Whatever they do/don't, they don't seem to distinguish
themselves in test results.
i mean(t) fig8 vs. HH structure, only with Bunny Ears as the example as used before, sorry.
>>fig.8 buffers loading to the most drastic arc with pre-fixing bends, and softer/less immediate arc(h)ing vs. HH.
.

1) Don't call this "killick" : leave that for the close-spaced
(the POINT, I'm guessing, through lack of historical record)
structure intended for an anchor stone --which might be seen
as a cow h. with tail dogged for security--, where I surmise
that the natural-fibre rope was to bind to itself and so stay put.
That widely spaced thing for hauling trees is rightly seen as
TWO structures.

2) In the situation you describe, there is sharp bearing on
the SPart at its crossing point, and, yes, +/1 diameters
doesn't affect that.  But in the knot, one ameliorates such
a hard bearing --indeed, just look at photos of in-use BWLs
and one sees only slight touching of parts at this X-ing point--
and stuffing more diameters is hoped to round it out and
graduate the bend (sometimes by "decreasing radius"
curvature).  So, well, To Be Studied
In a HH lengthwise as pre-fix to whatever running eye of Bowline, spliced eye, or loosely/temp eye 'splice' of Timber etc. or even then Clove etc. w/o eye.  Whatever finalizing cleanup as 2nd grip on host/load.
>>when the 'Nipping Loop' sits 90degrees to the input outputs/ does not roll out of HH dutifully made to be just a 360 like Sheepshank
The major force line runs from input to output as most loaded deformity, skipping around the Nipping Loop of now secondary/byproduct
>>that in dragging feels like HH is carrying 70% of the Load, and the final cleanup is at fuller power, to only 30% of need??
The principle really shines, when see just a Running Bowline or Timber or other free ranging/running eye pull just the correct piece and whammo that log is throwing from side to side like dragging a very dangerous, furious wildcat trying to get collar off as also drags forward with truck.  From the sideways /right angle pull to close to off balanced etc. center of gravity, but completely goes from wild cat; BOOM to purring kitten with a HH pre-fix !
Very strong, dramatic example of clean inline force mechanic, 2Dforce angles (grip 1D around host and then another 1D after 90 to SPart) differences illuminated.  Pull types separate neatly into ABoK Chapter_21:Right Angle Pulls(1D pull to me) vs.

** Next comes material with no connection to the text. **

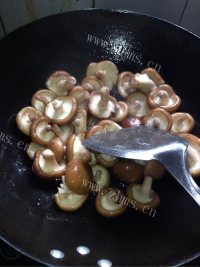 美味的香菇豆腐汤做法图解2)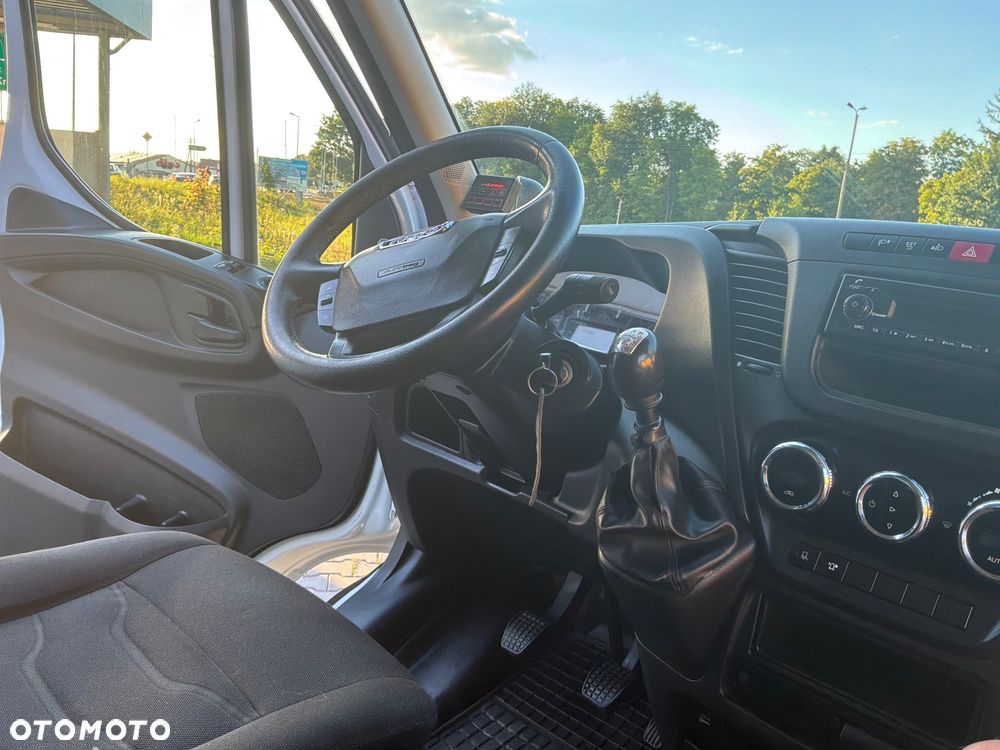 Iveco DAILY 35S15 - 24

Chapter_22:Lengthwise Pulls(2D pull to me)
.
The HH pass of force from input hook  90 to output hook 90 within HH is the most loaded deformity(thereby dictating strength),
>>not the Nipping Loop that is being enlarged to soften the impact of deformation, that is the secondary path to me.
(unless rolls out to a 360 flattened to then yes in the force line, cuz not 90'd out of to cross axis of other 1D domain).
.
And Yes, agree, historically in ABoK; Killick/Killeg is shown as name for a right angle pull on HH + Timber to grab anchor stone in Lesson#271.  i tend toward conventional naming of today's terms here carrying that to Lesson#1733.  But another fave point is revealed also.  #271 HH pre-fix Timber is pulled at right angle so is a 1D pull to me, but has enough architecture to take a 2D pull away from knot lengthwise that can now avail self to.  Unlike lone Timber, that has structure for 1D /right angle pull only, not the 2D/  lengthwise pull.  To me chapter_21 starts out with simplest base HH and then pretty immediately goes to Timber(loose ey6e splice to me, especially when pictured in 3 strand) after HH types.  To then 1st thing in chapter_22 rule that lone Timber out for lengthwise pull.
.
Similarly Constrictor, Groundline and (fave)Bag when used as Round Binding knots, change force pattern thru the available structure/architecture when used as Hitches.  #271 to #1733 is usage change, but the available architecture can acquiesce/dance either way.  1D #273 is just a simpler pull on a more extensive architecture able to take 2D pull.
.
i don't think Cow imagery here is correct 2 ways tho,
A>want running eye/noose not Bitter End and the HH pre-fix as like another noose, of 2nd choking grab
B>then both those to pull sideways towards each other thru spacing would not give to Cow.
.
(And to which extent of comparing cordage we need some
standard of assessing flexibility --yes, there are a couple/few
out there, which Agent_Smith likely knows pretty well.
I'm thinking of something readily done like bending from
flat surface over and edge; but this would give somewhat
misleading results for a "springy"-strong material that
nevertheless CAN be sharply bent pretty easily
--in contrast to those caving kernmantles that just
D O   N O T   W A N T   T O   B E N D   A T   A L L ! ! !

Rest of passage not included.